> **Work to be completed**
Set out exactly, line by line, the stretch of data below that begins at the line containing "Dan Doh! Xi - Chapter 1 - Trang 26" and ends at the line containing "Land Rover Range", with both ends kept.

> **Data for this exercise**
※

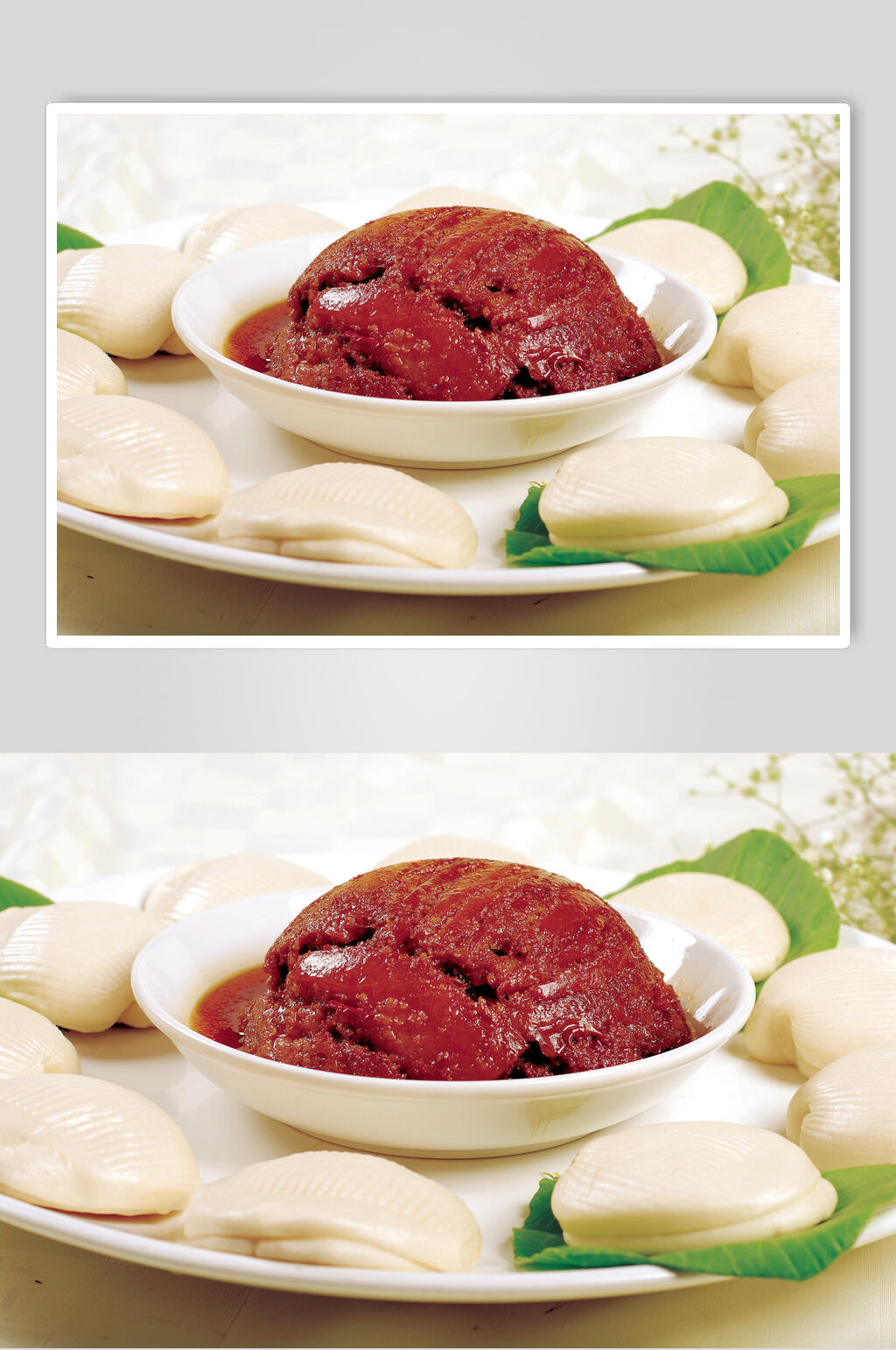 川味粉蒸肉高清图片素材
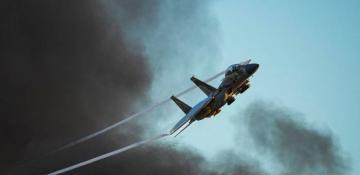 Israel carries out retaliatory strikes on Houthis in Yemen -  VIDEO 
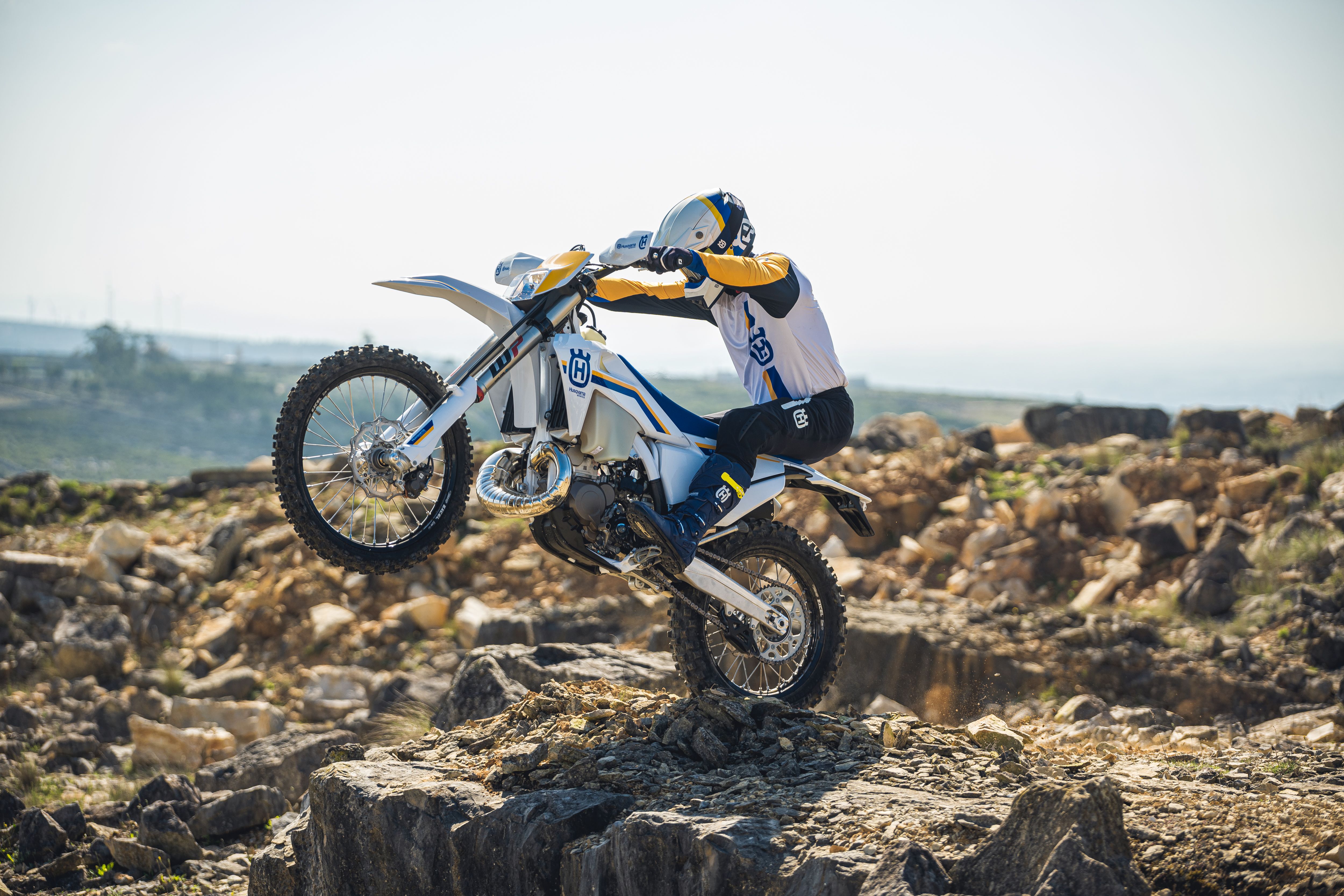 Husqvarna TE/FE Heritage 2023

※

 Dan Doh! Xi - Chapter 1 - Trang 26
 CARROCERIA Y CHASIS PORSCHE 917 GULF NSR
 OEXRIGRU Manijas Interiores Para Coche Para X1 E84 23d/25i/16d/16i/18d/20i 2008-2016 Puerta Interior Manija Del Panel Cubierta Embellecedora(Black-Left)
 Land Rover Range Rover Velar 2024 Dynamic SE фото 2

※

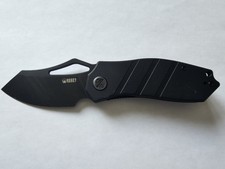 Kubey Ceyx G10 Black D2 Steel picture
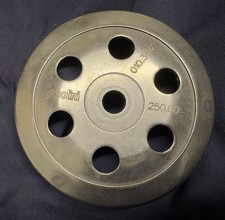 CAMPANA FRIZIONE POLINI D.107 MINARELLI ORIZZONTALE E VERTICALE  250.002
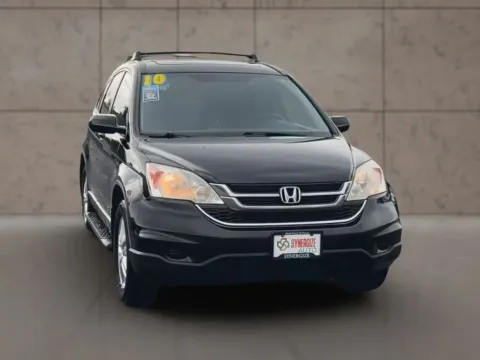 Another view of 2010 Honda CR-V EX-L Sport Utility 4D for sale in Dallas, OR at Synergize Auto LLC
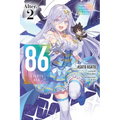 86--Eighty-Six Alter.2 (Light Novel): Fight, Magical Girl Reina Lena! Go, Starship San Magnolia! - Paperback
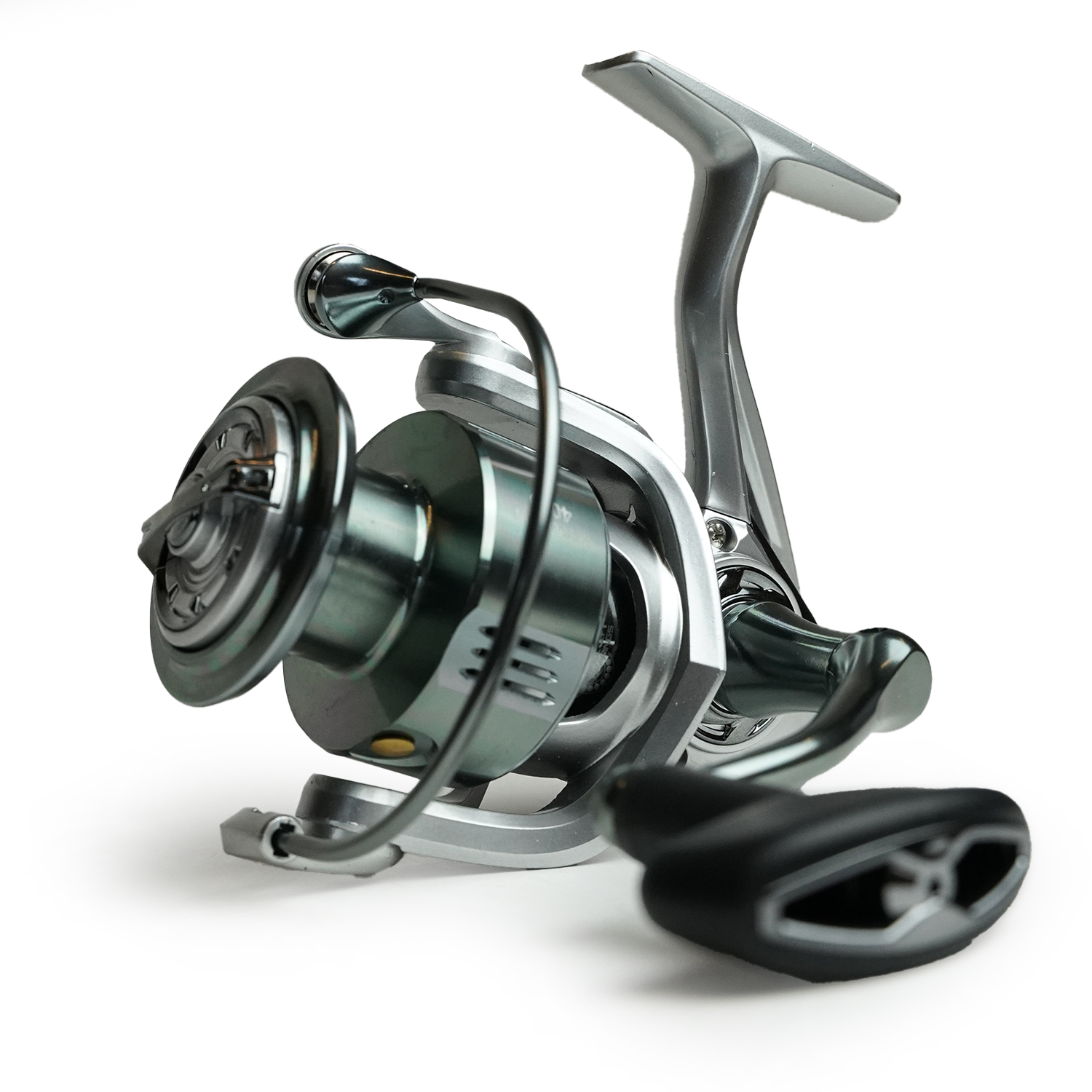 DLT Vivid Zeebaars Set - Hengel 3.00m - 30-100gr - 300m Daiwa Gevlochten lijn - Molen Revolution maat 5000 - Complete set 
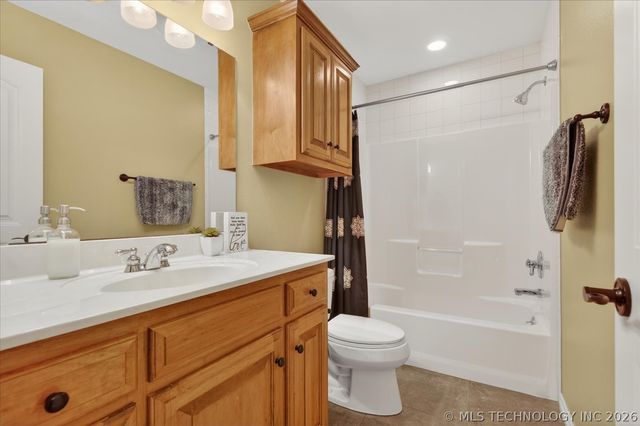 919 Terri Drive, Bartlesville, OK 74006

※

> **Solved exercise**
 Dan Doh! Xi - Chapter 1 - Trang 26
 CARROCERIA Y CHASIS PORSCHE 917 GULF NSR
 OEXRIGRU Manijas Interiores Para Coche Para X1 E84 23d/25i/16d/16i/18d/20i 2008-2016 Puerta Interior Manija Del Panel Cubierta Embellecedora(Black-Left)
 Land Rover Range Rover Velar 2024 Dynamic SE фото 2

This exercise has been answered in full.